You are viewing a plain text version of this content. The canonical link for it is here.
Posted to issues@spark.apache.org by "Stephen Carman (JIRA)" <ji...@apache.org> on 2015/06/18 21:20:00 UTC

[jira] [Commented] (SPARK-8449) HDF5 read/write support for Spark MLlib

    [ https://issues.apache.org/jira/browse/SPARK-8449?page=com.atlassian.jira.plugin.system.issuetabpanels:comment-tabpanel&focusedCommentId=14592364#comment-14592364 ] 

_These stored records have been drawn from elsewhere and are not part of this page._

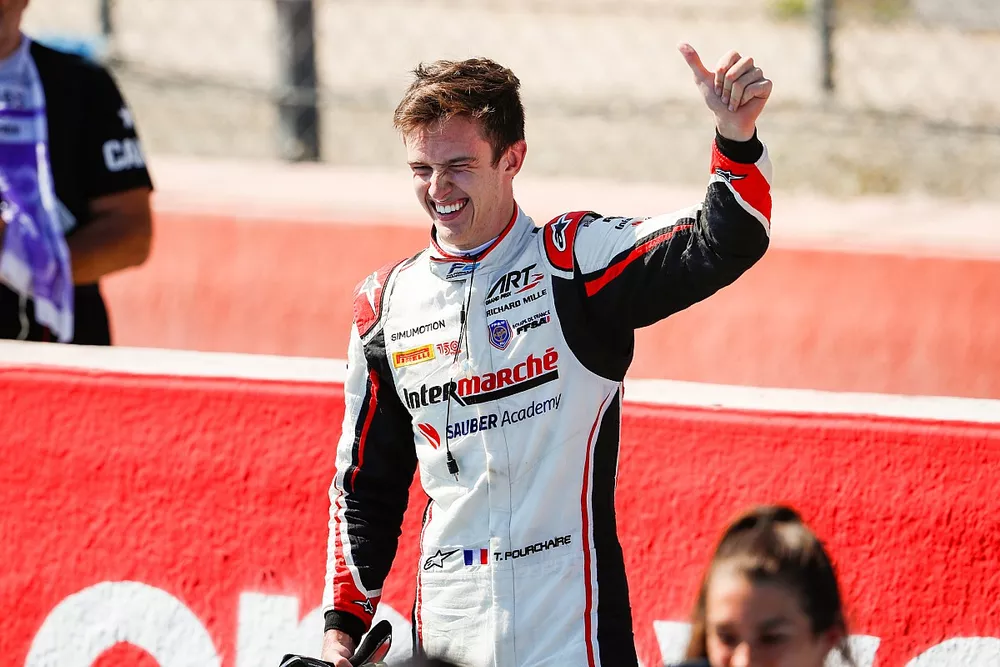 Le vainqueur Th&eacute;o Pourchaire, ART Grand Prix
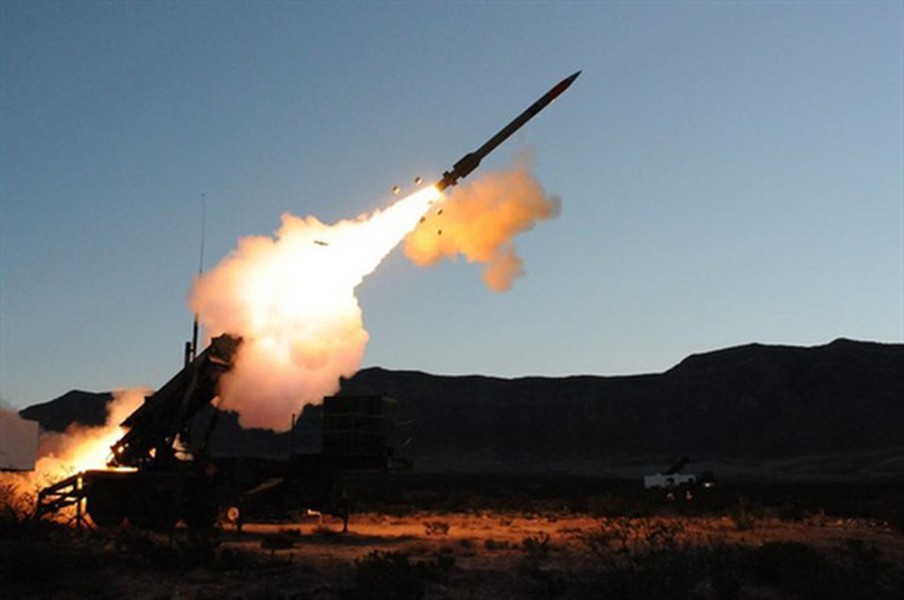 [ẢNH] Tên lửa Patriot vừa lập chiến công chói sáng: Bắn rơi UAV vũ trang của... quân nhà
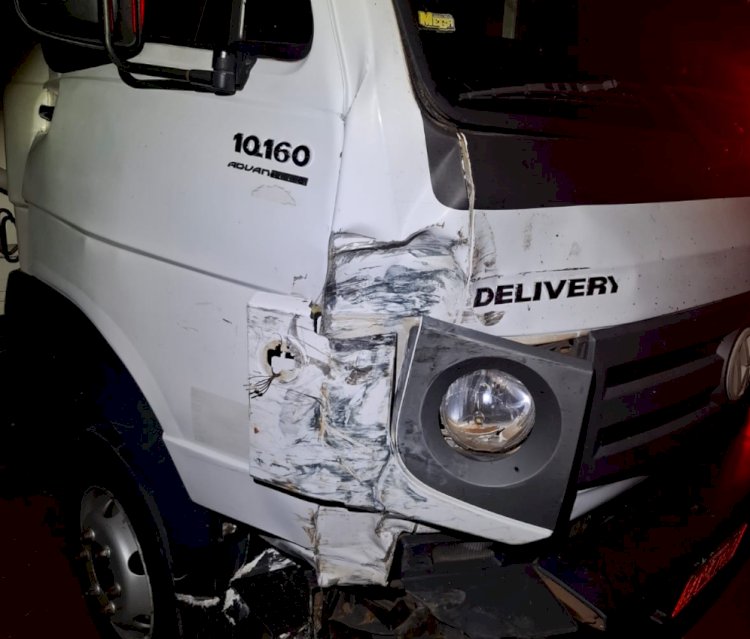 Ducato de Toledo e Caminhão de Umuarama  batem de frente na Ponte do Piquiri  na PR-182 em Palotina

Stephen Carman commented on SPARK-8449:
---------------------------------------

As per your suggestion https://github.com/apache/spark/pull/1290#issuecomment-113262365 upon looking at this more, I agree with not making it a compilation step. So I suppose we're gonna have to require it's building. Shame though I found out a couple things looking at this further...

1. The Java library is just wrappers for the C Library using the JNI, so compiled versions will have to be it seems platform specific.
2. These artifacts don't exist in the main maven repo, so we're gonna have to discuss either building them with spark or some other method of having these libraries available. I'm unsure what is the best path to go down here, I figured they would publish the artifacts, but that isn't the case. I'm hesitant to add a C related build step to building spark as I think that'd be beaten and killed with fire by anyone reading the idea.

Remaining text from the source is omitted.